Bahwa Pasal 7 auay 2 huruf (g) tersebut telah diuji di Mahkamah Konstitusi sebagaimana Putusan Nomor Mahkamah Kostitusi Nomor 56/PUU-XVII/2019 dan telah dinyatakan Pasal a quo konstitusional bersyarat sehingga bunyi Pasal 7 ayat 2 hufur (g)

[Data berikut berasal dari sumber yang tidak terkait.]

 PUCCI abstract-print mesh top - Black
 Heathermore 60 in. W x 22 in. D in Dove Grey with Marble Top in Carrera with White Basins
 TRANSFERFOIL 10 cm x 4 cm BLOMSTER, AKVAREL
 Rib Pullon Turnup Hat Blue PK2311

Tidak pernah sebagai terpidana berdasarkan putusan pengadilan yang telah memperoleh kekuatan hukum tetap karena melakukan tindak pidana yang diancam dengan pidana penjara 5 (lima) tahun atau lebih, kecuali terhadap terpidana yang melakukan tindak pidana kealpaan dan tindak pidana politik dalam pengertian suatu perbuatan yang dinyatakan sebagai tindak pidana dalam hukum positif hanya karena pelakunya mempunyai pandangan politik yang berbeda dengan rezim yang sedang berkuasa;
(ii) bagi mantan terpidana, telah melewati jangka waktu 5 (lima) tahun setelah mantan terpidana selesai menjalani pidana penjara berdasarkan putusan pengadilan yang telah mempunyai kekuatan hukum tetap dan secara jujur atau terbuka mengumumkan mengenai latar belakang jati dirinya sebagai mantan terpidana.

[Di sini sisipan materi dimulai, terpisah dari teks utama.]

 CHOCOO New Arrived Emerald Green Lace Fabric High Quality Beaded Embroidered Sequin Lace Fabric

Bahwa PKPU sebagai aturan teknis tidak boleh bertentangan dengan Undang-undang yang mengaturnya karena sumber hukum yang tertinggi adalah Undang-undang dan kedudukan PKPU adalah jauh dibawah Undang-undang maka dalam hal ini KPU harus patuh dan tunduk pada dasar hukum yaitu Putusan Mahkamah Konstitusi incasu Undang-Undang a quo.
Bahwa berdasarkan Putusan Mahkamah Kostitusi Nomor 56/PUU-XVII/2019 Menyatakan: Pasal 7 ayat (2) huruf g Undang-Undang Nomor 10 Tahun 2016 tentang Perubahan Kedua Atas Undang-Undang Nomor 1 Tahun 2015 tentang Penetapan Peraturan Pemerintah Pengganti Undang-Undang Nomor 1 Tahun 2014 tentang Pemilihan Gubernur, Bupati, Dan Walikota Menjadi Undang-Undang (Lembaran Negara Republik Indonesia Tahun 2016 Nomor 130,Tambahan Lembaran Negara Republik Indonesia Nomor 5898.
Bahwa dikarenakan Putusan Yang telah berkekuatan Hukum tetap yang dijatuhkan kepada Hj. Melin Haryani Wijaya adalah Pasal 263 ayat 2 yang ancaman hukumanya adalah 6 tahun maka apabila ingin menjadi calon wakil bupati maka yang bersangkutan harus tunduk dan patuh pada ketentuan Mahkamah Konstitusi a quo.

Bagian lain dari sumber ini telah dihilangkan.